WESTFIELD – Mayor Daniel M. Knapik is preparing to transition out of the city’s executive office as his three-term tenure as the Mayor of Westfield draws to a close and he feels confident about the status of the city’s current finance position and level of services.
One of the most recent accomplishments is the institution of single-stream recycling, which appears to have been embraced by city residents since its January launch.
“It’s a good story that we were able to pull it off in the worst of this winter. It works and should only get better with the good weather,” Knapik said. “It was definitely something on my list of things to get done when I took office six years ago.”
“It took some time to get all of the pieces into place. The biggest challenge was getting enough of the right trucks to do this,” Knapik said. “When I came into office, I had no idea how bad the condition of the original fleet of solid waste trucks was. The new generation of trucks we have now has been working out sweetly.”
Evidence that residents have embraced single stream recycling is tonnage data indicating a drop in solid waste and in increase in the volume of recycled material. The data, comparing January and February of 2014 to 2015 shows a decline in trash from 1,667 tons to 1,298 tons resulting in savings of $18,163 over that period despite a hauling rate increase per ton from $56.65 to $58.35.
The recycling program shows the converse, a significant increase in tonnage from 197 tons in January 2014 to 221 tons this past January and from 144 tons in February 2014 to 202 tons last month.
The city’s financial status was recently endorse by Standard & Poor’s Rating Service which issued a SP-1+ short-term borrowing rating and affirmed the city’s AA long-term bond rating.
“That’s the highest short term rating you can get,” Knapik said. “We are financing a number of projects through short term borrowing on a one-year BAN (bond authorization note) with an interest rate on the BAN of .18 percent. So that is all good news. We heard from them just last week.”
The $13 million ban will be converted to traditional bonds when the projects are complete. Several of the projects have or will be done by enterprise departments, such as the Water Resource Department, which pay down the bonds through revenue collected through rates and fees.

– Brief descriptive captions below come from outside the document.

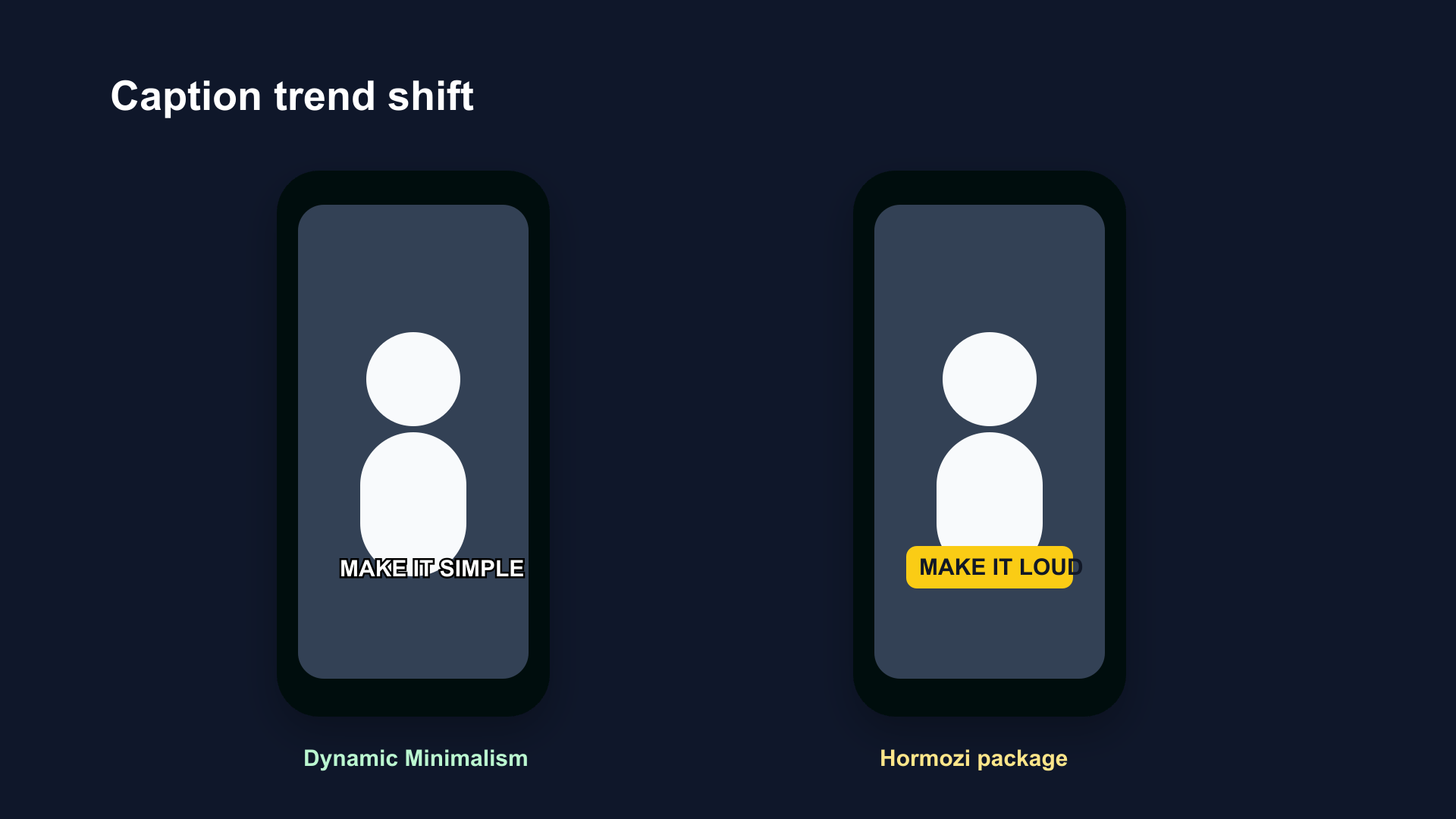 Dynamic Minimalism caption (white bold text, no highlights, no sound effects) vs Hormozi-style caption (yellow highlight, ALL CAPS, multiple colors) on matching video frames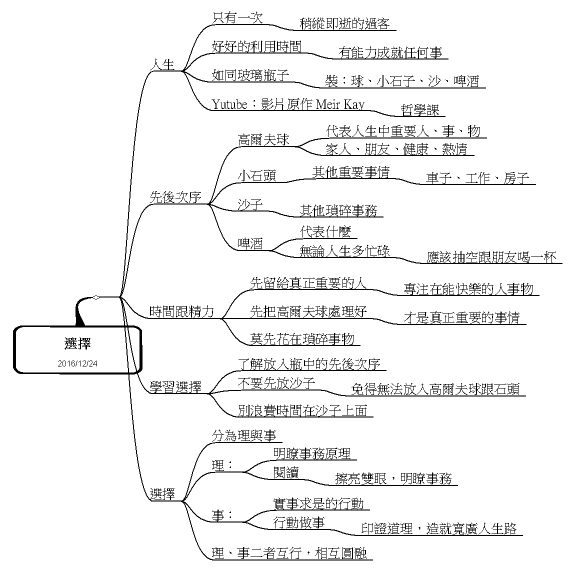 mind-choice-order-event-2016-1224.png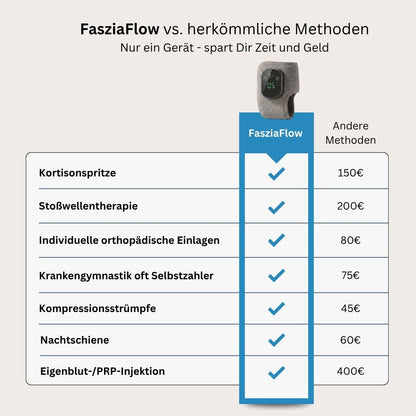 FasziaFlow - Endlich Füße, die sich gut anfühlen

The $13,168,500 ban includes $1 million for roadway improvements, $300,000 for the Granville raw water line replacement, $2,350,000 for repairs and improvements to the Granville Reservoir dam, $1.2 million for energy improvements at the city’s two high schools, $6.8 million for construction of the senior citizen center at the Mary Noble Estate, $518,500 for road improvement design and engineering work and $1 million for water main replacement.
Standard & Poor did report two concerns in the city’s financial position. One issue is the looming $300 million liability of Other Post Employment Benefits (OPEB) and the other is the use of stabilization funds to offset the tax levy.
“The rating companies encourage use of stabilization funds for one-time capital improvement projects and purchases, but discourage a continued draw down on the reserve fund for other (recurring) issues, such as the tax levy offset,” Knapik said.
“They also told us we have to start addressing OPEB,” Knapik said.
Knapik established an OPEB working group, comprised of 16 members including representatives of the city’s unions, which evaluated seven options to address the city’s OPEB liability. The group supported four of the proposals and rejected the remaining options.
The board voted 12-3 to appropriate a percentage of free cash, certified by the state Department of Revenue typically in November or December, directly to the OPEB trust fund. That option requires the support of the mayor and City Council.
The work group voted 11-4 to “re-acquire” the city’s retired teachers from the state Group Insurance Commission (GIC) and having the retired teacher participate in the same health care insurance program offered to other retired city employees. That option requires negotiation with the teacher union and City Council approval.
The GIC health insurance pays 85 percent of the cost of health insurance for retired teachers who are responsible for funding 15 percent of that cost, while the city pays 65 percent of health insurance for other municipal employees who are responsible for 35 percent of that cost.
The group also voted 9-6 to make OPEB a line item in the city’s annual budget, a step which has to be requested by the mayor and approved by the City Council.
The fourth option, approved by a 10-6 vote, would be to declare a health insurance holiday for one month and divert the premium, included in the annual budget, into the OPEB truck fund.
Knapik said that he would send a request to the City Council to review the OPEB options and take action accordingly.
Another key financial element of the city’s financial position is debt service which is currently about $7 million a year. The City Council has informally adopted a policy, created by former Finance Committee chairmen John Liptak and Richard E. Onofrey Jr., to maintain a debt service between $6 and $7 million a year to preserve that capability because once that money has been moved to the city’s operational budget, it is difficult to recover without laying off employees because salaries acco9unt for more than 80 percent of the annual budget
Knapik said that the current debt drops significantly over the next several years, unless more debt is added, and that by 2021 would be just slight more than $5 million.
“The policy of the City Council has been to keep that number between $6 and $7 million, that is the sweet spot,” Knapik said. “Once it’s in the budget, it’s hard to get back.”